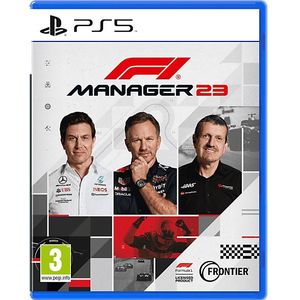 F1 Manager 23 Uk/fr PS5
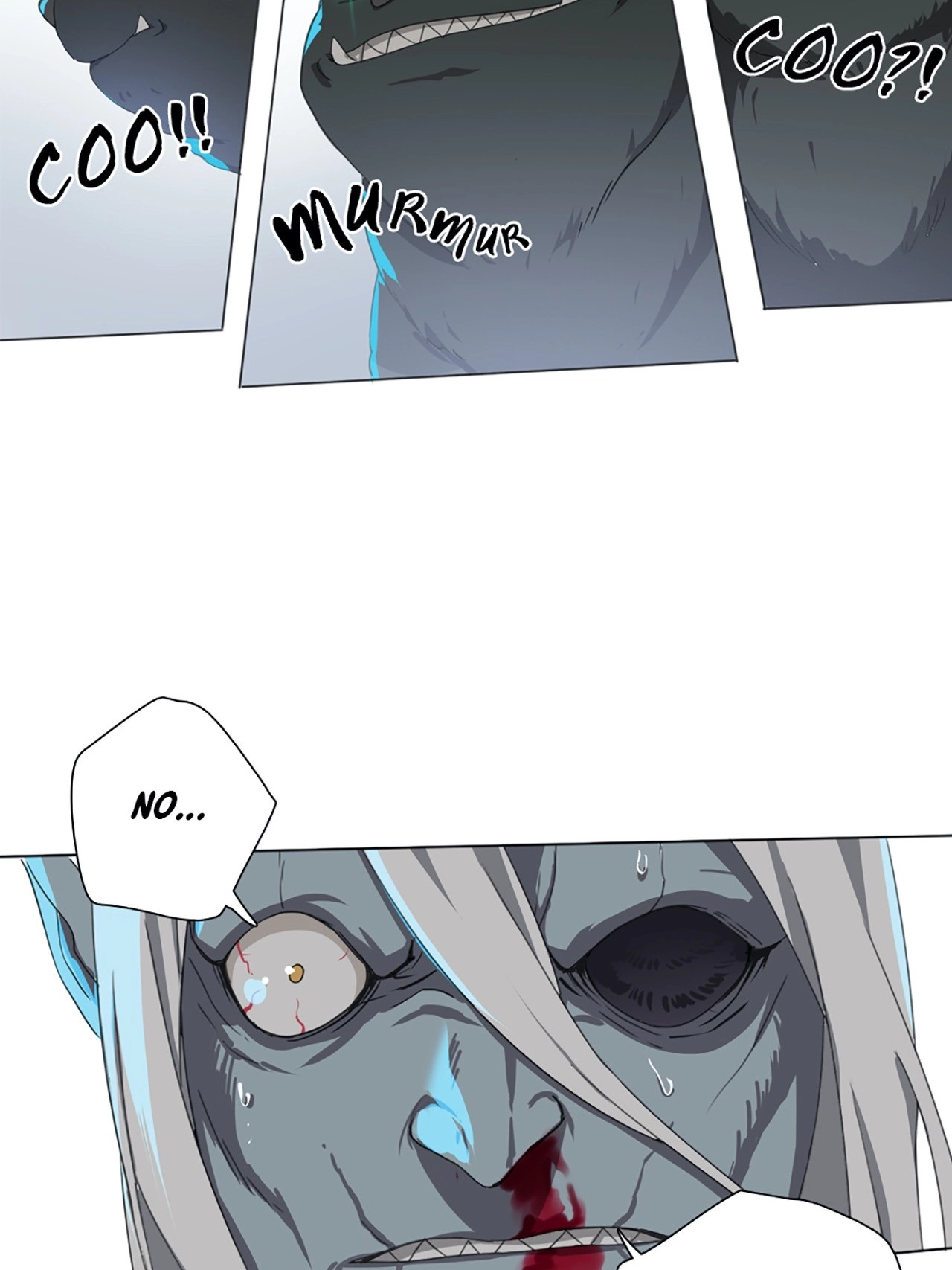 Legend of the Four Beasts Chapter 10 page 49 - 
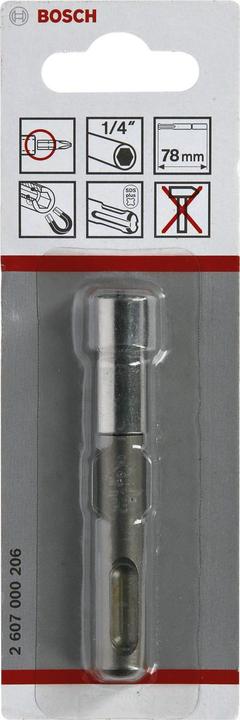 Actual product image Bosch Professional Zubehör Universal holder (11mm)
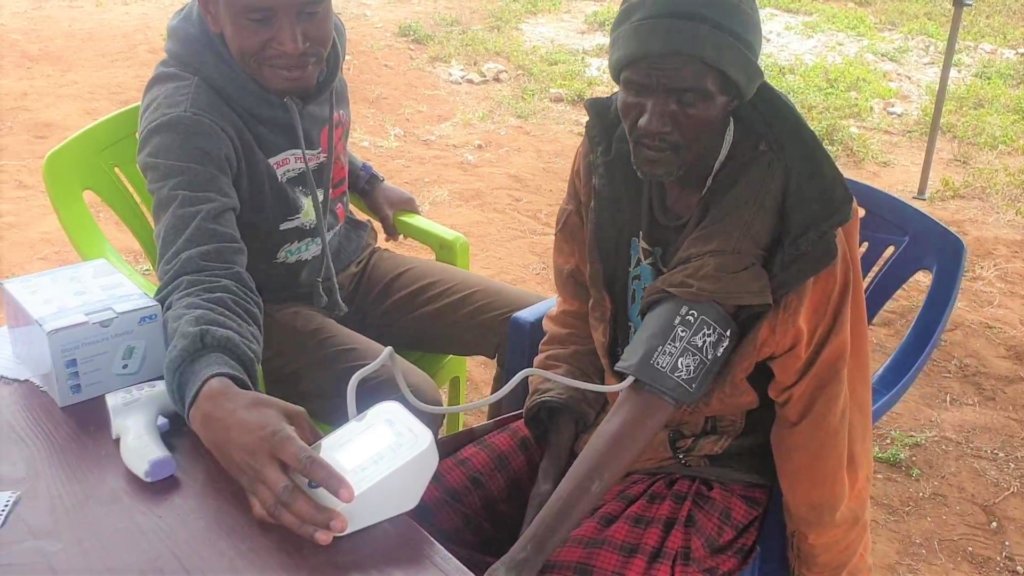 Bring Healthcare Access to >40000 Rural Tanzanians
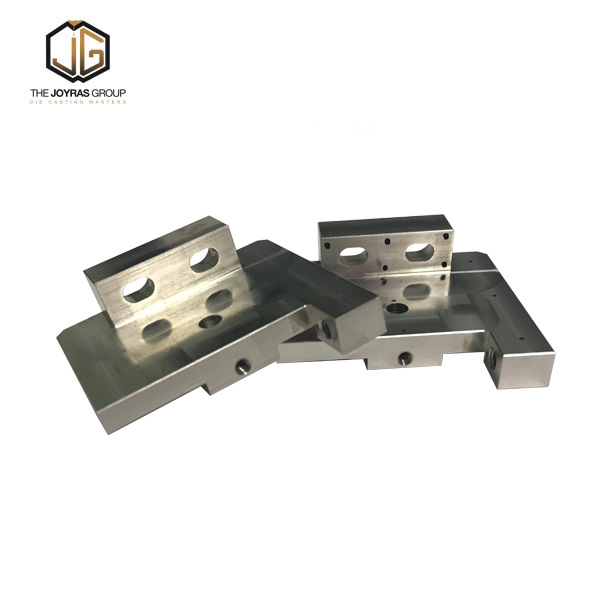 Steel CNC Machined Parts - 6 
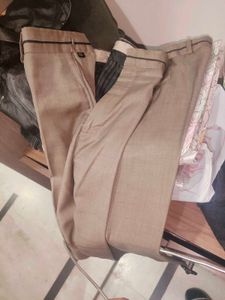 Brown Trouser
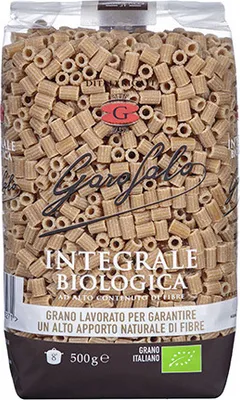 Produktbild von 16x Garofalo Pasta di Gragnano IGP Ditali Rigati Integrale 500g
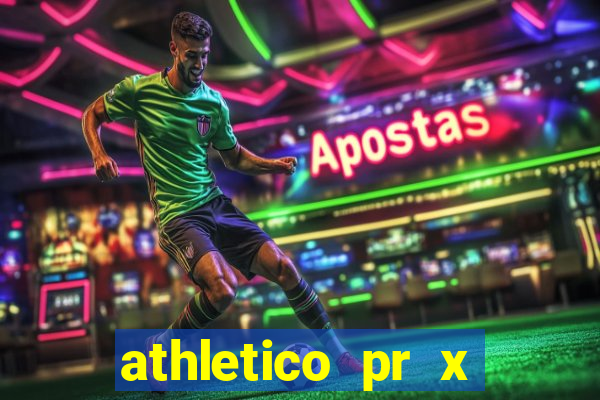 athletico pr x bahia palpite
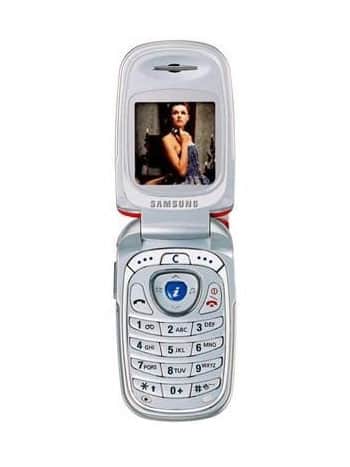 Samsung SGH-T500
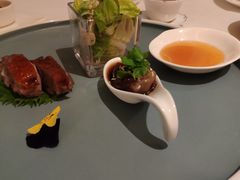 -广州富力丽思卡尔顿酒店·丽轩·粤菜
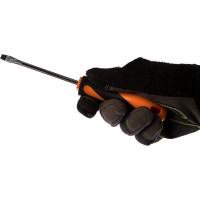 Шлицевая отвертка SL6,5х100 мм Ombra 565100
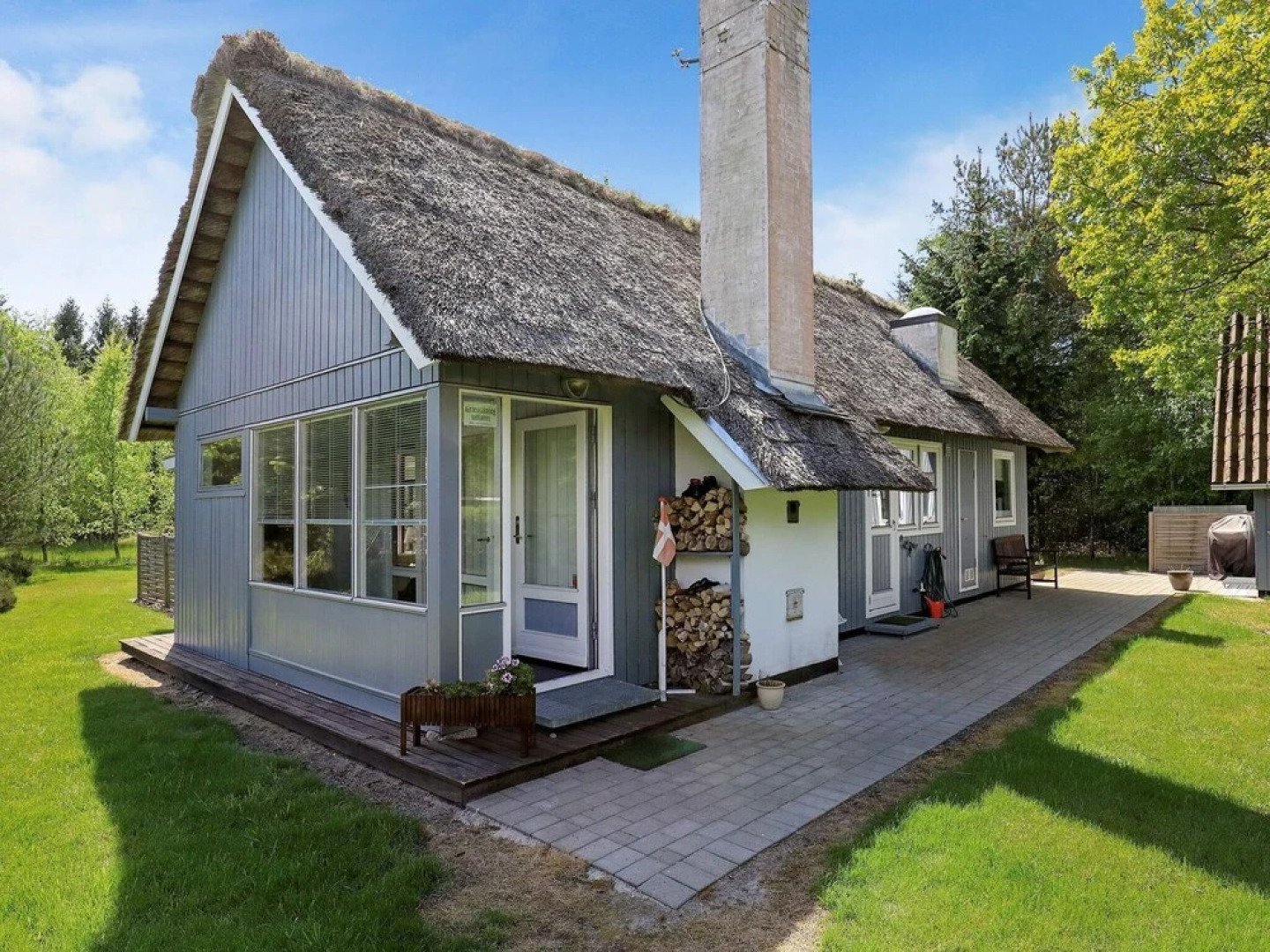 7 Person Holiday Home in Hals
-=-=-=-=-
» **WORK REQUEST**
If the data includes images, omit them, and set down everything else exactly as above.

» **PROBLEM SOLUTION**
 F1 Manager 23 Uk/fr PS5
 Legend of the Four Beasts Chapter 10 page 49 - 
 Actual product image Bosch Professional Zubehör Universal holder (11mm)
 Bring Healthcare Access to >40000 Rural Tanzanians
 Steel CNC Machined Parts - 6 
 Brown Trouser
 Produktbild von 16x Garofalo Pasta di Gragnano IGP Ditali Rigati Integrale 500g
 athletico pr x bahia palpite
 Samsung SGH-T500
 -广州富力丽思卡尔顿酒店·丽轩·粤菜
 Шлицевая отвертка SL6,5х100 мм Ombra 565100
 7 Person Holiday Home in Hals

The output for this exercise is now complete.